Il presidente Guido Barbera invia gli auguri di buon lavoro ad Andrea Riccardi, definito “uomo di grande esperienza in questi ambiti e tematiche”: “Auspichiamo – dice Barbera - che la sua nomina possa segnare l’inizio di una nuova politica sulla cooperazione, che non sia basata sull’assistenzialismo, ma che costruisca un nuovo progetto di solidarietà e di relazioni umane tra i popoli”. Barbera spera in una politica “che garantisca il rispetto dei diritti umani per tutti e la salvaguardia dei beni comuni, che sia volta all’integrazione e non all’esclusione e al respingimento”: “La cooperazione, oggi più che mai, rappresenta – dice - il legame trasversale di coerenza tra le politiche. Un legame tra tutte le politiche, in grado di costruire ponti tra le persone e popoli, per una vera convivenza. Oggi più che mai le istituzioni devono garantire legalità, uguaglianza e solidarietà istituzionale e sociale, assicurando eque e giuste risorse per tutti”. “Auguriamo al prof. Monti, al prof. Riccardi e al nuovo governo di sviluppare il loro lavoro su questi assi, per ricostruire rapidamente – conclude - una politica che sia al servizio dei cittadini e ridare un volto umano e qualificato al nostro paese a livello internazionale”.

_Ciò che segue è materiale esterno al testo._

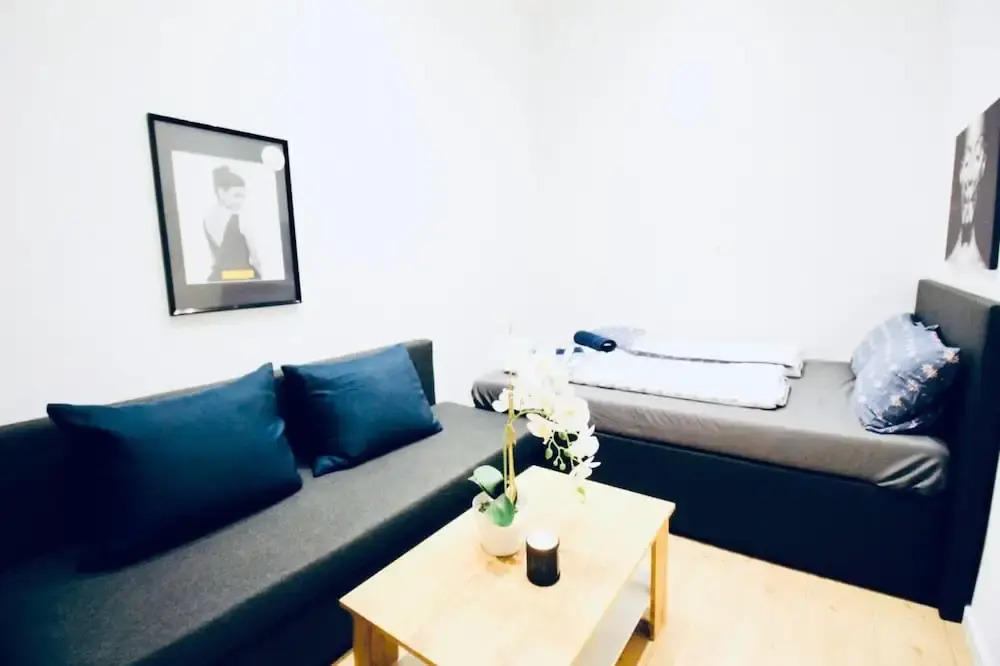 Super Central Cozy 5 BR Shared Apt 10Min Walk to Augarten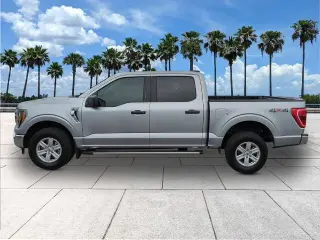 Ford F-150 2023 4x4 XLT 4 puertas SuperCrew 6.5 pies. SB
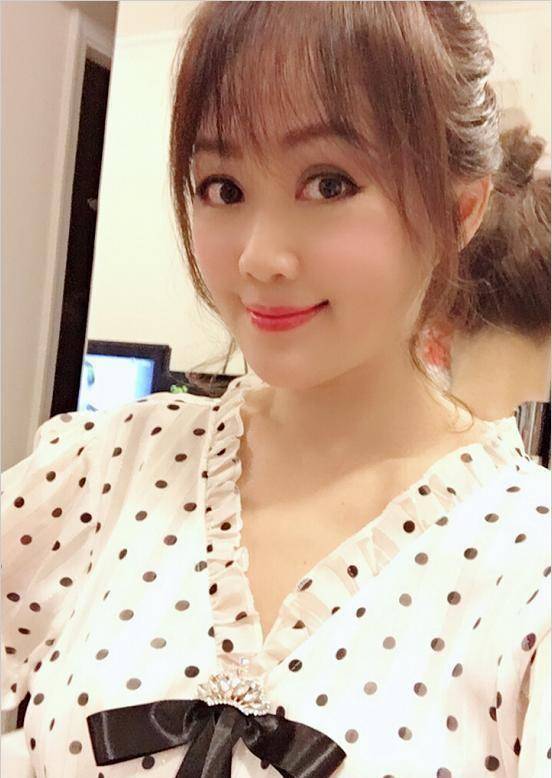 49岁梁小冰晒近照,曾扮演"祝英台"成经典,时隔多年仍这般冻龄_气质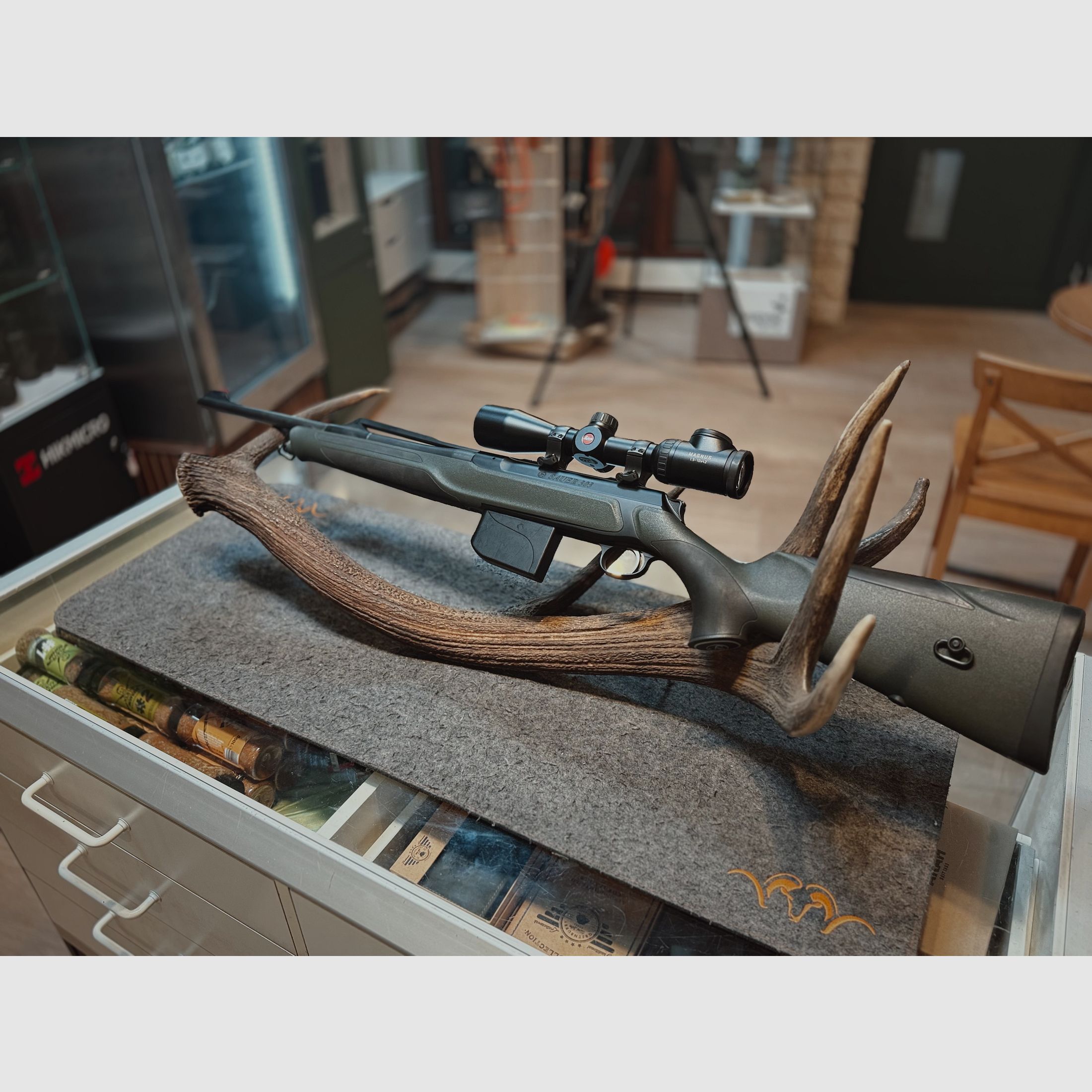 Sauer 303 Cal. .300 Win. Mag. - Leica Magnus 1,5-10x42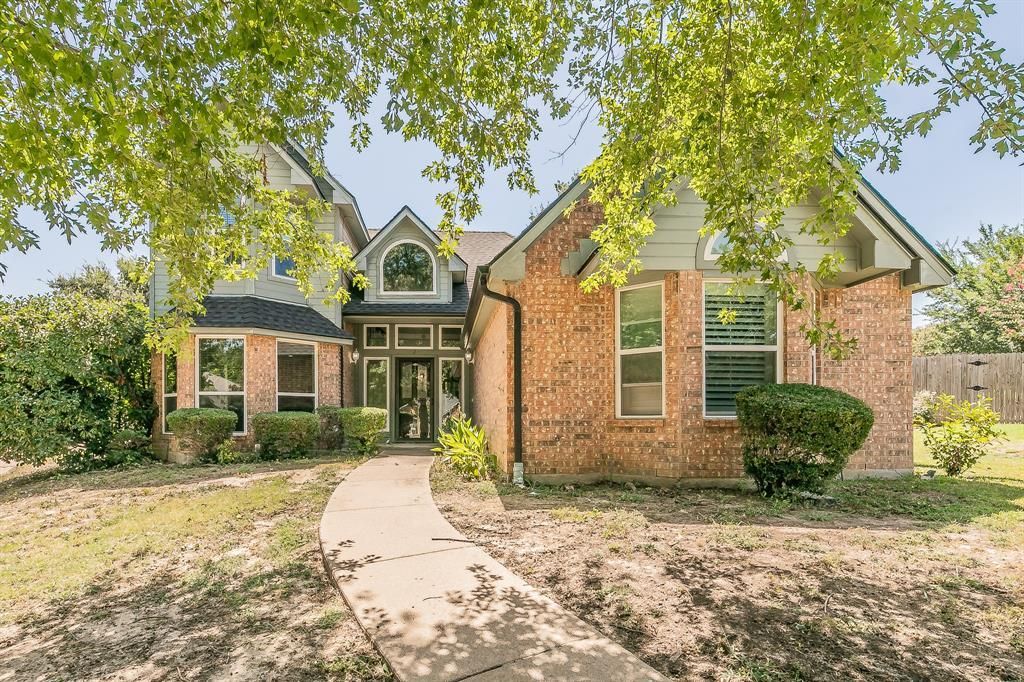 2 Edgemere Court, Trophy Club, TX 76262 Main Photo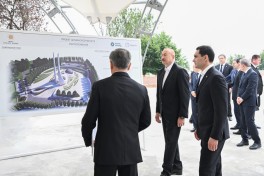 Azərbaycan və Türkmənistan prezidentləri Şuşa məscidində tikinti işlərinin gedişi ilə tanış olublar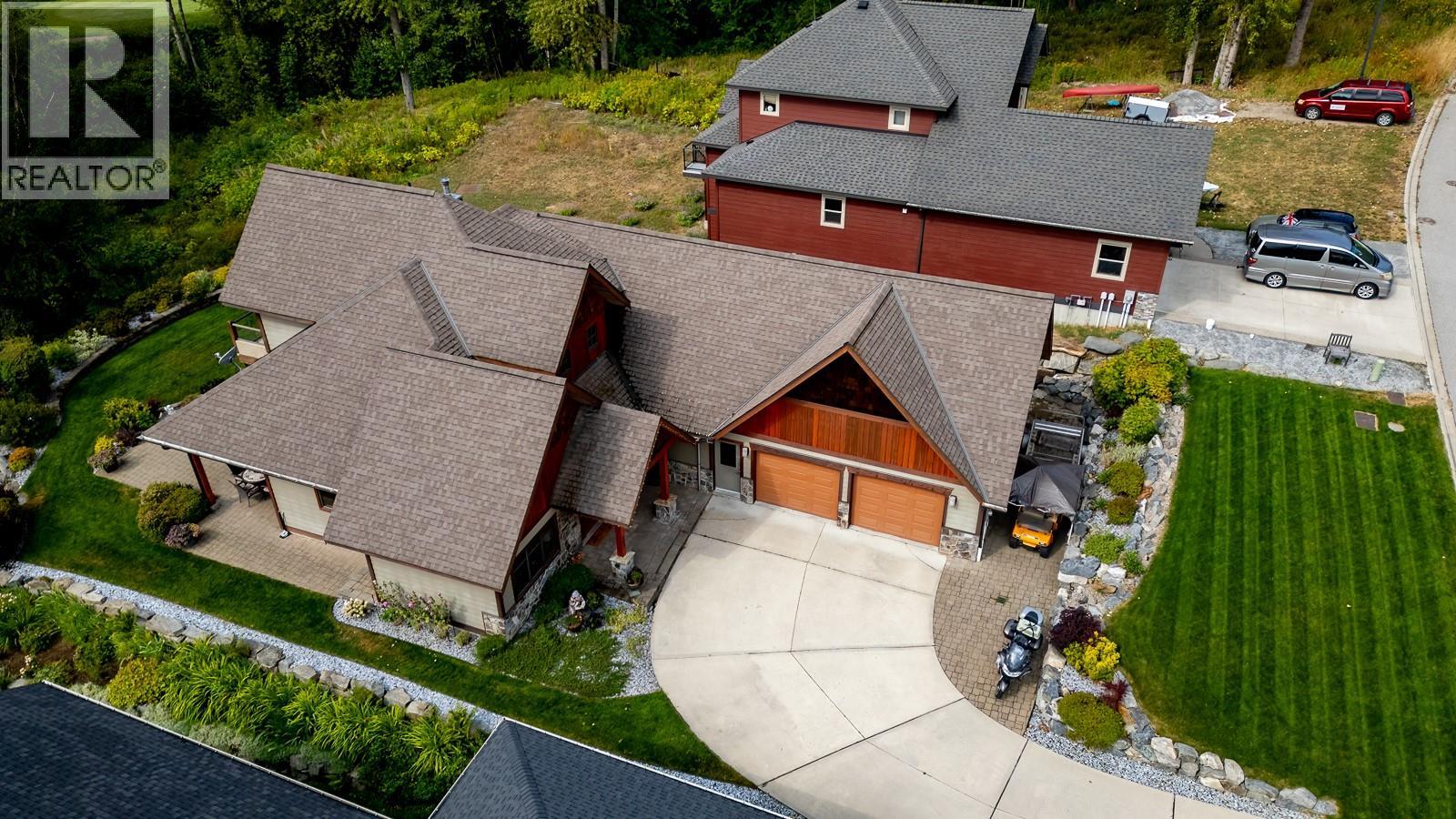 903 Redstone Drive, Rossland
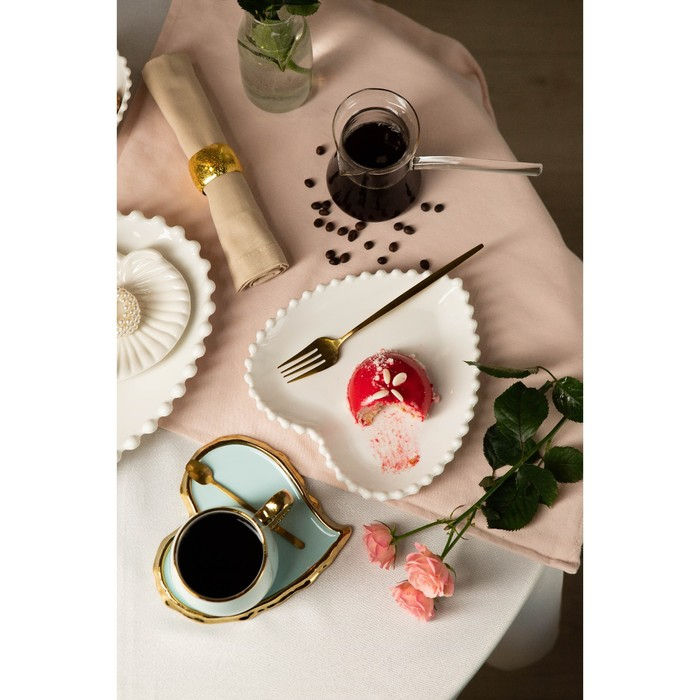 Тарелка фарфоровая Magistro «Сердце», 20,5×21×2,5 см, цвет белый Тарелка фарфоровая Magistro «Сердце», 20,5×21×2,5 см, цвет белый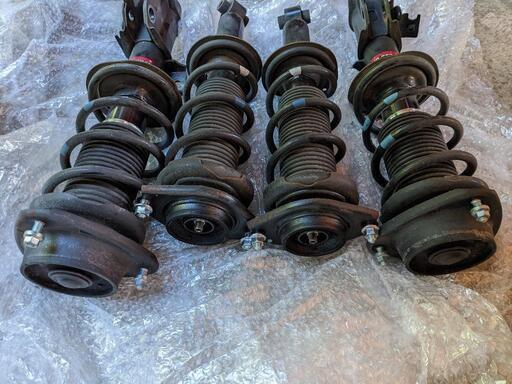 トヨタ86 ZN6 純正サスペンション1台分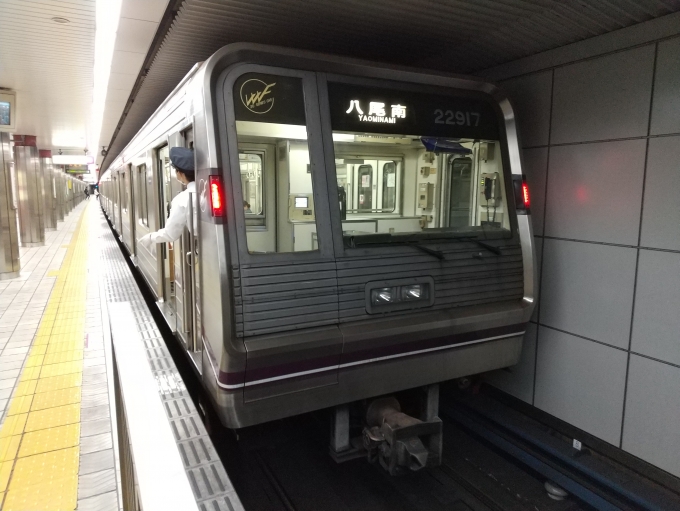 鉄道乗車記録の写真:乗車した列車(外観)(1)        「これに乗って谷町九丁目(近鉄大阪上本町)に移動します。」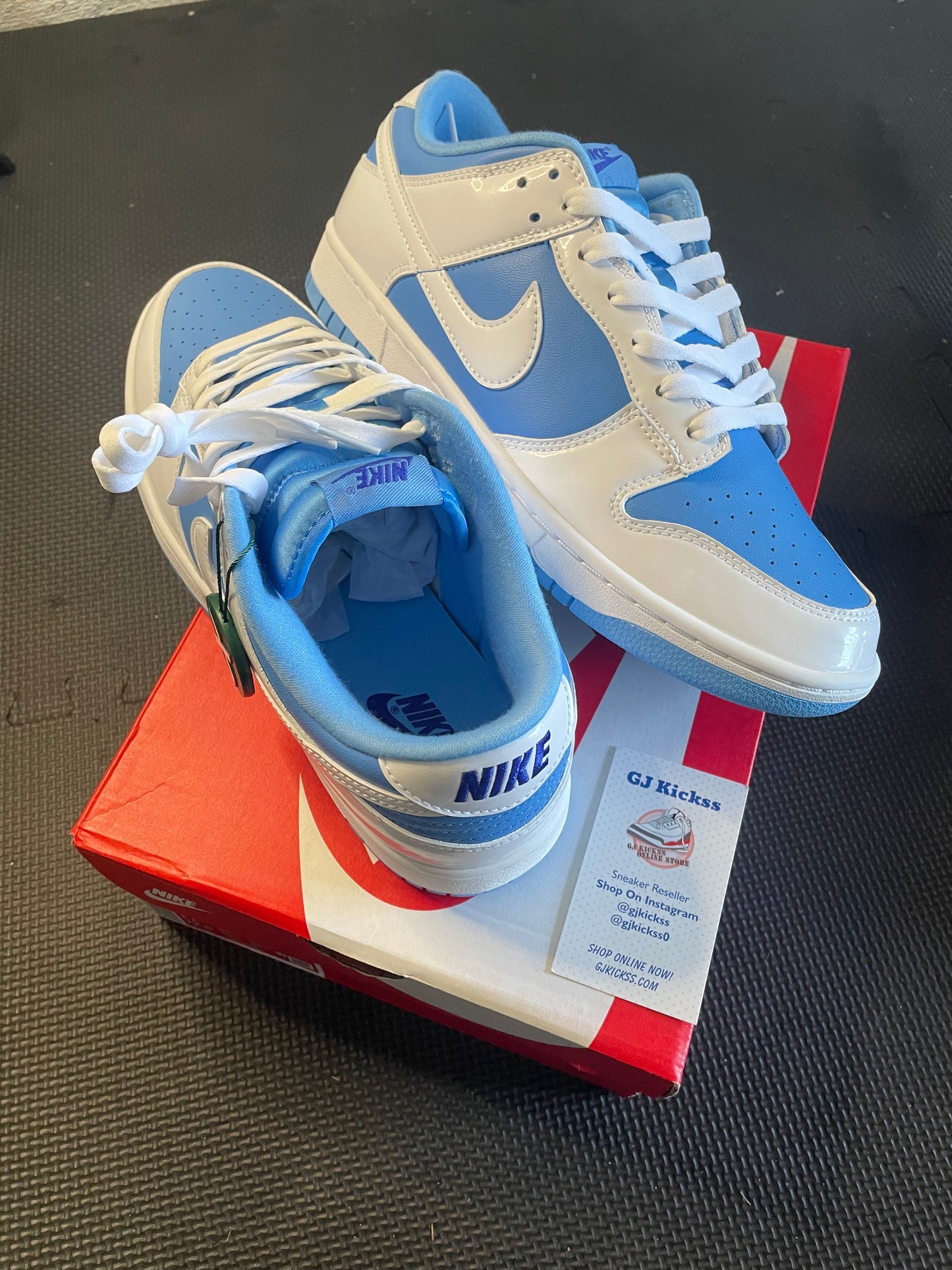 Nike Dunk Low “Reverse UNC”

I DIRITTI ALZANO LA VOCE - Giudizio positivo sulla nascita del governo Monti ma sottolineatura del fatto che i nodi da affrontare con urgenza non sono solo quelli della tenuta dei conti dello Stato, ma anche quelli della disoccupazione, del progressivo impoverimento della popolazione e della necessità di una vera riforma del welfare. Così la campagna “I diritti alzano la voce”, promossa da 24 organizzazioni del volontariato e del terzo settore italiani (fra di esse anche Antigone, Arci, Auser, Cnca, Fish, Fiopsd, Federazione Scs/Cnos, Jesuit Social Network Italia), che sottolinea anche l’importanza di considerare elementi quali “l’iniqua distribuzione della ricchezza e l’abnorme evasione fiscale”, che vengono definiti come “i veri ostacoli allo sviluppo sociale ed economico dell’Italia”.
 
“Siamo preoccupati per il nostro paese - afferma Lucio Babolin, portavoce della campagna I diritti alzano la voce - ma anche per il dibattito sulla crisi portato avanti dagli opinion maker e le testate più influenti. Sembra quasi che allo sfacelo economico e finanziario di questi anni si voglia continuare a rispondere con le stesse ricette che hanno generato il disastro. Anzi, la tentazione potrebbe essere quella di approfittare dell’emergenza per far passare provvedimenti fermi al palo da anni”. “Noi crediamo – continua - che vi siano due priorità per il paese: la messa in sicurezza dei conti dello stato e, insieme, il miglioramento delle condizioni di vita per tutte quelle persone e famiglie che hanno pagato fin qui, ingiustamente, il prezzo della crisi. Non basterà una patrimoniale ‘leggera’ per assicurare l’uno e l’altro obiettivo. Bisognerà piuttosto agire in modo incisivo sull’evasione fiscale, tassare maggiormente i patrimoni mobiliari e immobiliari, tagliare le spese militari, ridurre i costi della politica”.
 
La campagna “I diritti alzano la voce”, conclude il portavoce, “ritiene che una parte delle risorse così reperite possa permettere una riforma del welfare attesa da tempo, permettendo il varo dei Livelli essenziali delle prestazioni e del reddito minimo di inserimento e l’istituzione di un fondo e di misure adeguate per la non autosufficienza e per ammortizzatori sociali efficaci a beneficio di tutti coloro che perdono il lavoro. In questo modo sosterremmo la domanda e aiuteremmo larghi strati della popolazione. Finalità che non potrebbero essere raggiunte con la legge delega sulla riforma fiscale e assistenziale voluta dal precedente Governo, che a nostro avviso va radicalmente modificata”.
 
Le 24 organizzazioni che promuovono la campagna sono Antigone, Arci, Arciragazzi, Associazione Città visibile, Associazione Familiari Alzheimer Pordenone Onlus, Associazione Welcome, Auser, Centro Iniziative e Ricerche Euromediterraneo (Cirem) - Napoli, Cittadinanzattiva, Comunità Saman, Coordinamento Nazionale Comunità di Accoglienza (Cnca), Emmaus Italia, Erit Italia, Eurocare Italia, Federazione Internazionale “Città sociale” - Campania, Federazione Italiana per il Superamento dell’Handicap (Fish), Federazione Italiana Organismi per le Persone senza Dimora (fio.PSD), Federazione Scs/Cnos, Forum Droghe, Ires Campania, Jesuit Social Network (Jsn) Italia, Lunaria, Movi, Movimento Rinnovamento democratico.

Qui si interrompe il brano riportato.